On the other hand, D contains \((7L^2)^d\) vertices, hence there are at most \((7L^2)^{dL}\) possible subsets of D of cardinality L. A union bound over the \(2\left\lceil \varepsilon L^{\alpha } \right\rceil +1\) possible values of k and the subsets of D of cardinality L implies that

$$\begin{aligned} {\mathbb {P}}[\text {Conf}(h,\varepsilon ,B)]\le \left( 2\left\lceil \varepsilon L^{\alpha } \right\rceil +1 \right) (7L^2)^{dL} (h_2-h_1)^{\frac{L}{2d+1}}. \end{aligned}$$

By our choice of \(\alpha \),

$$\begin{aligned} \left( 2\left\lceil \varepsilon L^{\alpha } \right\rceil +1 \right) (7L^2)^{dL}(h_2-h_1)^{\frac{L}{2d+1}}&=\exp \left\{ 2dL\log (L)+\frac{-\alpha }{2d+1}L\log (L)+O(L)\right\} \\&= \exp \left\{ -L\log (L)+O(L)\right\} . \end{aligned}$$

This completes the proof. \(\square \)

6 Decay of Very-Badness

In this section, we will prove Proposition 3.5. First, we need to express the event that B is \((\psi ,h,\varepsilon )\)-very-bad in terms of \(\varphi \) and \(\xi \).

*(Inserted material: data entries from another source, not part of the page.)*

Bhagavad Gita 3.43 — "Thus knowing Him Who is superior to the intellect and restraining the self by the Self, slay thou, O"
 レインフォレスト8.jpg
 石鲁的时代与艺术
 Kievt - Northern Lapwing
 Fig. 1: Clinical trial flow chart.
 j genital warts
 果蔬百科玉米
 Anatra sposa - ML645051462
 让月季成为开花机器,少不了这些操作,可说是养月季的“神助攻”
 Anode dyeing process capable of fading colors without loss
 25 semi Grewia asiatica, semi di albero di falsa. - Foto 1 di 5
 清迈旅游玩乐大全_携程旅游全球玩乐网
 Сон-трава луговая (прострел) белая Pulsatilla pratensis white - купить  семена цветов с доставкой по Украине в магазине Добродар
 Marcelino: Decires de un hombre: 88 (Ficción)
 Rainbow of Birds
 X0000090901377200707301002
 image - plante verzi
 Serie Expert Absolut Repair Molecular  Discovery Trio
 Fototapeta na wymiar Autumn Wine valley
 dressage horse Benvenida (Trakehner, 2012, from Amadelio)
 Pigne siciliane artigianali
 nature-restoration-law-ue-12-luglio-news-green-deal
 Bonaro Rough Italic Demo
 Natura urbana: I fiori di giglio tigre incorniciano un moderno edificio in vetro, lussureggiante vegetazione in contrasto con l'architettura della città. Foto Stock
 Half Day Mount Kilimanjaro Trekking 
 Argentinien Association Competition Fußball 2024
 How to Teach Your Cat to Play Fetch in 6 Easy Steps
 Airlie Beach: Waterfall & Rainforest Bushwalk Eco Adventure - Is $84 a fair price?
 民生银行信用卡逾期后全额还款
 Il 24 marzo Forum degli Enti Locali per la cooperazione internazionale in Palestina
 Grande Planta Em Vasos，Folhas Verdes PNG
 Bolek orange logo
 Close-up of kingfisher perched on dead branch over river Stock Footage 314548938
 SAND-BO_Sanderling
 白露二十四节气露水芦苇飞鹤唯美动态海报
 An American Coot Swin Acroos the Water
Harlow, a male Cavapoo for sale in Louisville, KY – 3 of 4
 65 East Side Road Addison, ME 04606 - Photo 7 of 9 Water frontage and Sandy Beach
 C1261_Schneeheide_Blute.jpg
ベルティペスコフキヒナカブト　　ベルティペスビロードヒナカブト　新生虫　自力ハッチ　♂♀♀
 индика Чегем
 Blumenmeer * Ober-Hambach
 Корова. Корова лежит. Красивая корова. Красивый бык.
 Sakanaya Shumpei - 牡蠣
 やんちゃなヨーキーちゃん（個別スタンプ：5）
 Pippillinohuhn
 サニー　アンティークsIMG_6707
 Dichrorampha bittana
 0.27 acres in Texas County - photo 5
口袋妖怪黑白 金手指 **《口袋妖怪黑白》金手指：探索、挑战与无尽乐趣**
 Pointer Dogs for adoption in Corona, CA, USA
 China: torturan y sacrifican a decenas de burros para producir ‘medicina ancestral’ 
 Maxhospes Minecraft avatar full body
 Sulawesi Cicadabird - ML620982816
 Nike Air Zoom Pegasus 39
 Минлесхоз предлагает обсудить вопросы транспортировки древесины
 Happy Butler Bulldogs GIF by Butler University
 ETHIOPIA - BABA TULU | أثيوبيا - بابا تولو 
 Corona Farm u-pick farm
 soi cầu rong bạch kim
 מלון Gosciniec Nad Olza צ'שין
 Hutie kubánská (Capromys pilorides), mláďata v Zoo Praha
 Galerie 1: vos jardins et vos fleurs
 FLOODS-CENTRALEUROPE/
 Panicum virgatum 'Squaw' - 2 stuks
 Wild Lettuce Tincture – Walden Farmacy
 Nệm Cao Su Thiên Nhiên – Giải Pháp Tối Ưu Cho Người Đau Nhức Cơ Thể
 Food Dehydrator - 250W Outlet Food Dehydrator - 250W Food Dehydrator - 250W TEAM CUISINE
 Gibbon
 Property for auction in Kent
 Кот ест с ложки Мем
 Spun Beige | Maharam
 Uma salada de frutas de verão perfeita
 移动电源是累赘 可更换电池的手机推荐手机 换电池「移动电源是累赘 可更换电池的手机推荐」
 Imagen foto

We say that a box B is \((\varphi ,h,\varepsilon )\)-very-good if for every function \(g:{\overline{D}}\rightarrow {{\mathbb {R}}}\) which is harmonic in D and \(|g(x)|<\varepsilon \) for all \(x\in D\), the following happen:

  • for every \(B'\) which is either B or some neighbour of B, \(\{\varphi +g\ge h\}\cap B'\) contains a dense cluster,

  • for every neighbour \(B''\) of B and every pair of dense clusters of \(\{\varphi +g\ge h\}\cap B\) and \(\{\varphi +g\ge h\}\cap B''\), respectively, there is a path in \(\{\varphi +g\ge h\}\cap D\) visiting both dense clusters.

If B is not \((\varphi ,h,\varepsilon )\)-very-good, we will call it \((\varphi ,h,\varepsilon )\)-very-bad.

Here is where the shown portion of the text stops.